The changes were occasioned when a court ruling overturned a murder charge against a nursing home doctor. Marinou Arends had surreptitiously placed a sedative into a 74-year-old's coffee, who was suffering from dementia, before he proceeded to administer a lethal injection. Having reached an advanced stage of dementia, the woman was no longer capable of any kind of informed consent on the treatment's timing. The doctor was in possession of an instruction from the woman who had stated she wished to die when she felt "the time was right".

Dr. Arends received a written reprimand by the Dutch medical board for having acted on "advance directives". According to critics of the doctor's actions, the patient had been victimized, a dignified end that euthanasia is meant to provide, having been denied her. A relative present during the procedure had pushed the woman back down on the bed when the had sat up in an effort to avoid being given the injection. There was obviously no comfort given the dementia patient as death was delivered.

According to the Dutch Supreme Court, the doctor had acted within the country's euthanasia law, enacted in 2002. The court ruled that should a patient no longer be capable of consent due to dementia, medical professionals were given discretion to determine for themselves when the correct time had arrived to terminate said patient's life. Opponents of euthanasia were alarmed at the ruling. The Netherlands, a pioneer in the practice of euthanasia, according to opponents has taken to interpreting set rules ever more inclusively.

Contradicting the critics, the country's euthanasia review committee is of the belief that the amendments to its code provides doctors with additional legal support in such instances where it is deemed to be "pointless" to attempt consent by the patient. Some Dutch medical practitioners have opposed the ruling. Over 200 doctors issued a statement that no doctor should be allowed to secretly sedate patients before euthanasia, when news of Arends's case emerged in 2018.

Coincidentally, in Germany, two terminally ill patients being treated for COVID-19, ages 47 and 50 were administered medication by a senior doctor that led to their immediate deaths. Employed at the University Hospital in Essen city in North Rhine-Westphalia, the 44-year-old doctor was arrested and charged with manslaughter this past week, and remain in custody. Essen police have divulged that in one case the doctor stated his intention was to end further suffering of the patient and his relatives.

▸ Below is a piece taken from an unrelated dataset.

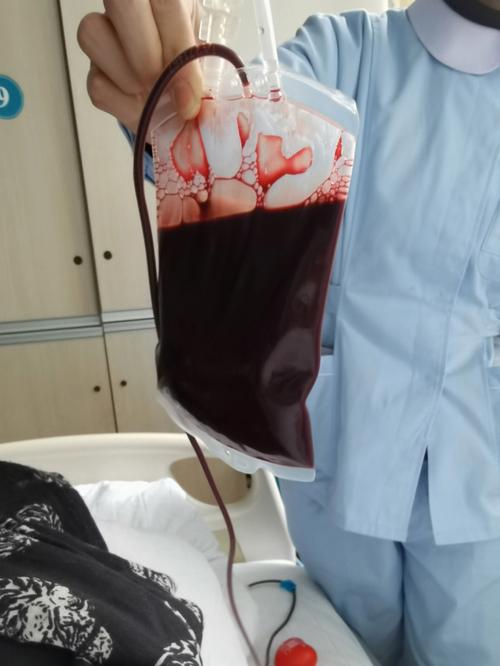 男性熊猫血对下一代影响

A newspaper account described the two patients as suffering from coronavirus infections, their condition in his ward, according to the doctor "very critical". No further information was forthcoming relative to the treatment the patients had received. In Germany, seriously ill patients have the freedom to request assistance in ending their lives, under a court ruling of last year. Whether this happened in the doctor's case is as yet unclear; several steps are required before the provision of such assistance. An investigation is ongoing.

Outside of the Essen University Hospital
The doctor was employed at the Essen University Hospital

The unnamed doctor is facing manslaughter charges, in a country where assisted death is an extremely sensitive topic, considering the legacy of six million European Jews experimented on, used as starved slave labour in Nazi Germany's munitions factories, and finally annihilated by the regime during the Holocaust years amidst the Second World War.